WHAT TO DO: Beginning with the line containing "Funda Silicona Antigolpes" and ending with the line containing "QLED TV kép", write out each line of the records below exactly; pictures and lines outside that range are left out.

DATA FOR ANALYSIS:
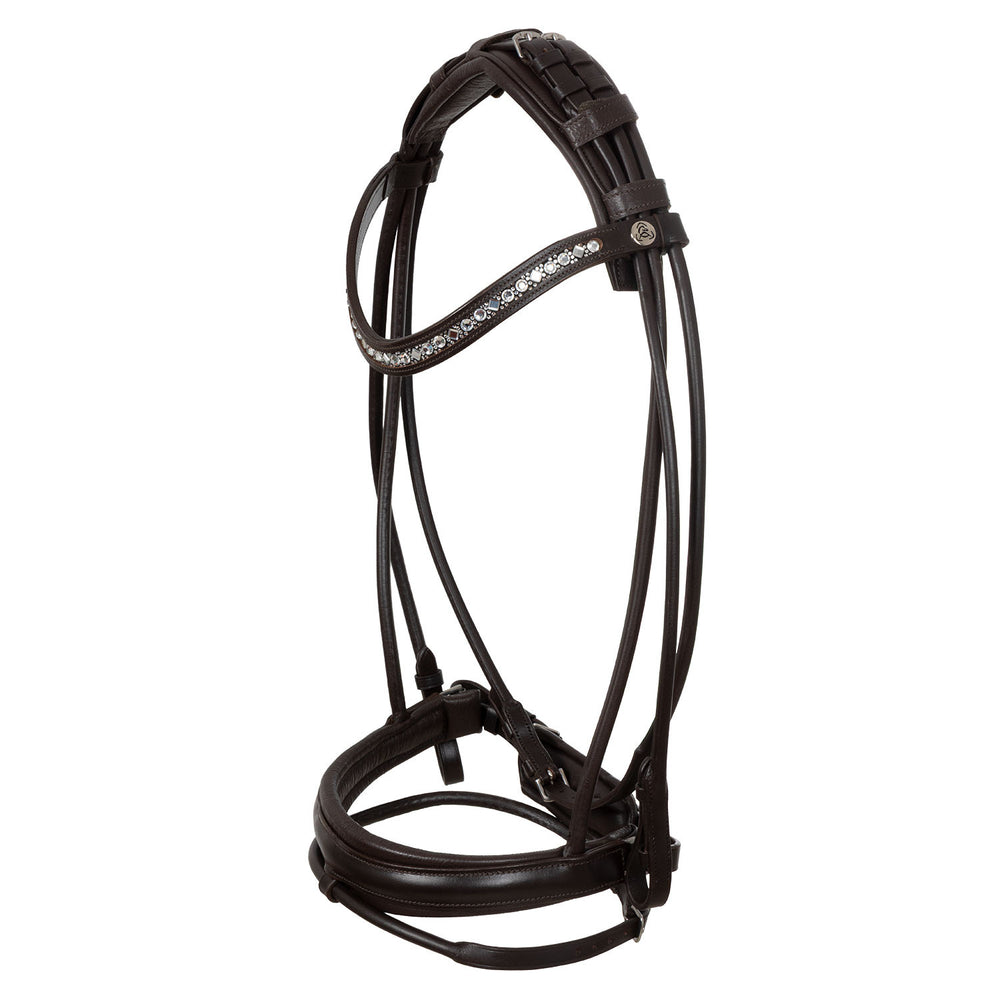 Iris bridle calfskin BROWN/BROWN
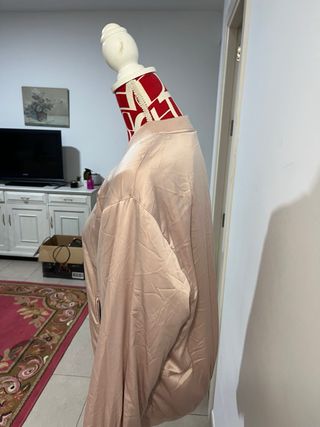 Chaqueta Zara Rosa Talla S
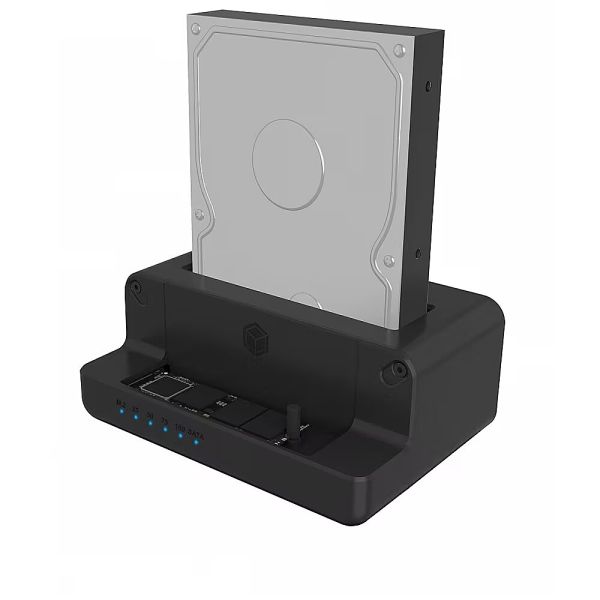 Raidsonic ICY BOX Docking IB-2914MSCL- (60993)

...

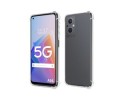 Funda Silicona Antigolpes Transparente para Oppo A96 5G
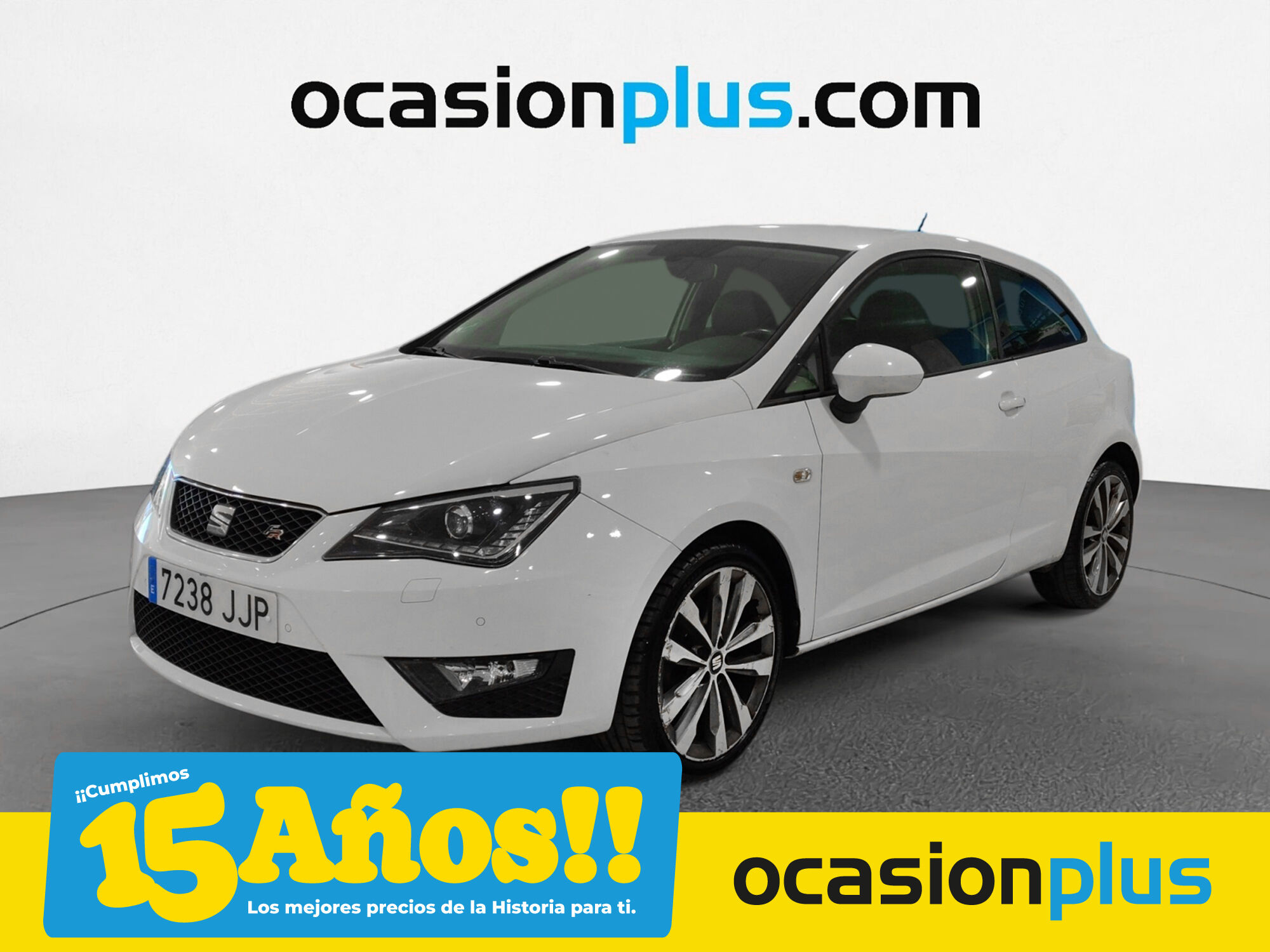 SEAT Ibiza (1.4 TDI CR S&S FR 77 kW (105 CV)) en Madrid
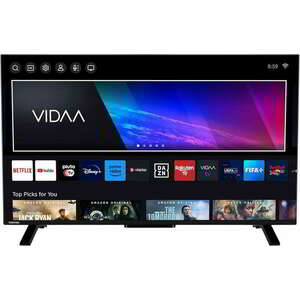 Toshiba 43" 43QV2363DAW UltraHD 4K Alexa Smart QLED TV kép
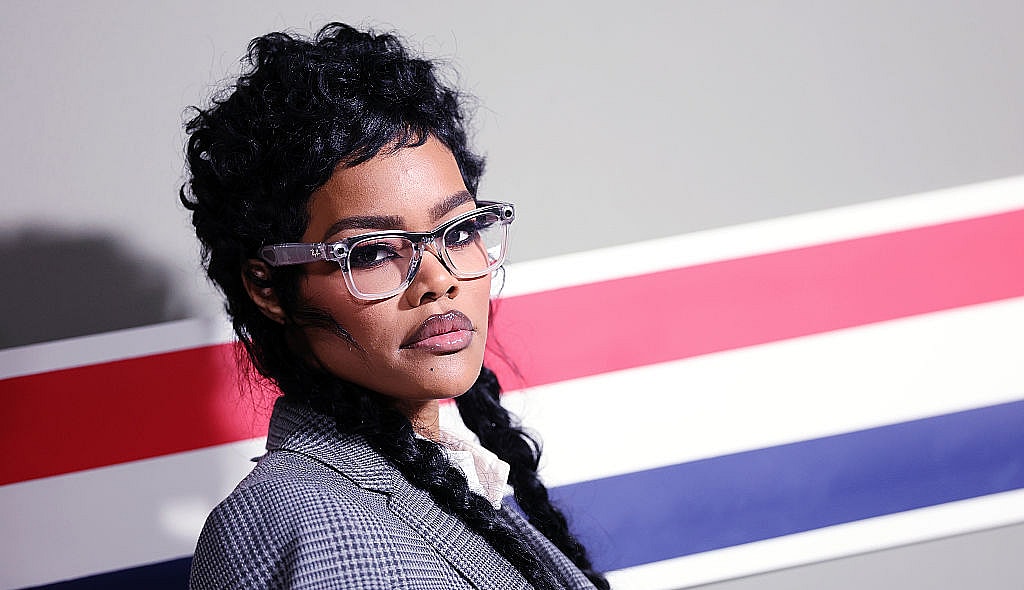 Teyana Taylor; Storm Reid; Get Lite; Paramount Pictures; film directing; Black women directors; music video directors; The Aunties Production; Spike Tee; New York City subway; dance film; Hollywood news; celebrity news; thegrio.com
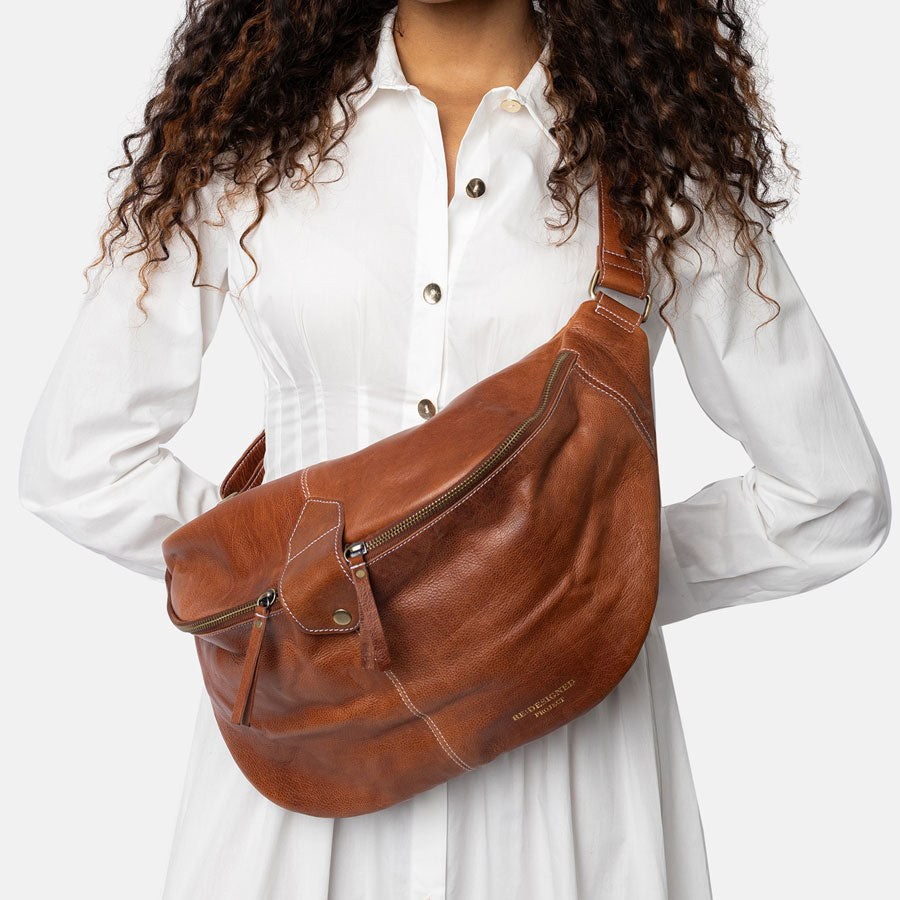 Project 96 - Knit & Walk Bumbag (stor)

OUTPUT:
 Funda Silicona Antigolpes Transparente para Oppo A96 5G
 SEAT Ibiza (1.4 TDI CR S&S FR 77 kW (105 CV)) en Madrid
 Toshiba 43" 43QV2363DAW UltraHD 4K Alexa Smart QLED TV kép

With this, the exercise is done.